Years ago, I used to swim four or five times a week at the old McBurney Y on 23rd Street across from the Chelsea Hotel. You got your own lane for half an hour swimming at your own speed, your arms and legs in sync, not only in meditation, but in a new way of being like you’re a graceful otter suddenly or a fish propelling yourself forward straight ahead. Swimming freely is the best.
Jennifer Firestone’s chapbook, Swimming Pool, is long and narrow like a swimming pool. It is sleek, attractive and a record of twenty-five swims the poet took. The poems are narrow and long like the lane of a pool and reading them I often feel like what it feels like to swim. Jennifer Firestone reads from Swimming Pool in the Vimeo below. Enjoy.
I have typed out the first swim and the last swim in Swimming Pool.
First Swim
The first time you swim in the pool you swim between two men. Their bodies cut the water a mechanical rhythm. An arm cuts through a pan of glass. In between you, hesitate, find a stroke. Their back current, a slash in your mouth. “Hey, get into the slow lan.” Wet chest hair, goggled eyes. Masaru Emoto believed consciousness could change the molecular structure of water, that polluted water could purify from positive thinking and prayer.
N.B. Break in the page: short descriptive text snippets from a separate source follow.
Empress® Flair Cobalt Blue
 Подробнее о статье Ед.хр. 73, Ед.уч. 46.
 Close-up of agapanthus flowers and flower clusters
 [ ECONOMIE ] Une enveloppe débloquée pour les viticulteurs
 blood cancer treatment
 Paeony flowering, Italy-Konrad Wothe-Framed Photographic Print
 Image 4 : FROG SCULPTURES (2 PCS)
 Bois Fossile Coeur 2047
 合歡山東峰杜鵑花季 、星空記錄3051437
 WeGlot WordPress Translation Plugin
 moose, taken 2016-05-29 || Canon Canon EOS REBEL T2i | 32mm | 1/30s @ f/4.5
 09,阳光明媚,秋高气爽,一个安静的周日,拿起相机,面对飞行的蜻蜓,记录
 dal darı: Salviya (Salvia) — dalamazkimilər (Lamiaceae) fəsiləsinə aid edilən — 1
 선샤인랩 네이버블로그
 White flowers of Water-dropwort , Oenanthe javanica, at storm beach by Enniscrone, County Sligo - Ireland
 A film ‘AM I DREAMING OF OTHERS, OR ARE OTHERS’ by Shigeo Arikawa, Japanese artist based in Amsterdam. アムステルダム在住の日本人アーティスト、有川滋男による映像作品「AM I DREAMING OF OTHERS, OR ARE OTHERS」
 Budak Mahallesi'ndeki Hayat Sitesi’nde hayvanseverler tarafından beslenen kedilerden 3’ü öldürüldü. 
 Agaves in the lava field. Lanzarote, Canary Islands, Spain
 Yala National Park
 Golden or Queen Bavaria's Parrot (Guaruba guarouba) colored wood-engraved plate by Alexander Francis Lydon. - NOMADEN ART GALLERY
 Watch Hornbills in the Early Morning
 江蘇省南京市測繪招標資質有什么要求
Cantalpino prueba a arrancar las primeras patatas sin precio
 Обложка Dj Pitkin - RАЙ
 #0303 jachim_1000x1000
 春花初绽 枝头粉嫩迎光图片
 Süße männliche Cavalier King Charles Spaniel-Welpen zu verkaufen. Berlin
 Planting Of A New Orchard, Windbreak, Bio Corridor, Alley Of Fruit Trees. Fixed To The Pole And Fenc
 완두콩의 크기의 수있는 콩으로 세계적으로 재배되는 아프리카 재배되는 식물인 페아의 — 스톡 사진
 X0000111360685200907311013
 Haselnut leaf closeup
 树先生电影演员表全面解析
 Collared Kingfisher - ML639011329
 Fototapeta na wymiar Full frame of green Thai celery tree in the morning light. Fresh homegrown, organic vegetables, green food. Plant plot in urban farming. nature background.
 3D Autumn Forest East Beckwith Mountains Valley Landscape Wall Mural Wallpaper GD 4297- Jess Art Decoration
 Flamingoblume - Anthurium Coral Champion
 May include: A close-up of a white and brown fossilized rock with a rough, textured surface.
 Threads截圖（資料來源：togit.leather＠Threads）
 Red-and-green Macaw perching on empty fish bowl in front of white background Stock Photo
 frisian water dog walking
In your underwater poem you drape lines and release them not remembering how they came. Your legs inside massaging. The public pool is tricky, the urbanites need efficiency. A cardio clock-in. But the body of swimming thinks otherwise. You cannot own what’s unshaped. What shifts, glides. They treat it roughly like captains or slap it. But it comes back without separation or separation leading to fusion, one drop becomes mass. You need to jump in, find your rhythm. You’re not a fish you’re human. You need an entry. A relationship that makes sense, that gives a bit more. The glassiness misleading, pours in your ears and you hear differently, a foggy subject becoming all at once, instantaneous. The mind gravels. Go.
Twenty-fifth Swim
Imagine the pool as a diorama. Freeze this frame now and whatever’s there becomes fixture. Depending on what was happening you might see stoic bodies moving uniformly through the water or just splashes, discordance. Or perhaps both of these ways of being could be contained. The video camera is a bit aimless today. It doesn’t have a plan, or motivation or even interest in getting the right shot. It looks at you for cues: how would you like to move. Do you have something to say? You take off and your poem writes: What’s in the frame is not so much about the subject. Whom have you made subject? This water can temporarily transform. Of course, if you look deep, you can still find your poison but you will feel different. You went somewhere else for a small bit. Some days you really feel so much joy being around all these people, strangers you don’t know but you swim with their bodies. Wherever you go, whatever you saw on the news or heard from a song you can count on the physicality of these bodies so close to you. If you are okay, you can close your eyes, your poem will help you. You can extend like a plane and others might join you. You might be a swerving blue underwater creature that the camera will chase. You might be a wild poem, cutting words.
reading and writing and swimming, or learning to, what a find, this book, poet, poems, swimming pool; she reads so fluidly, too.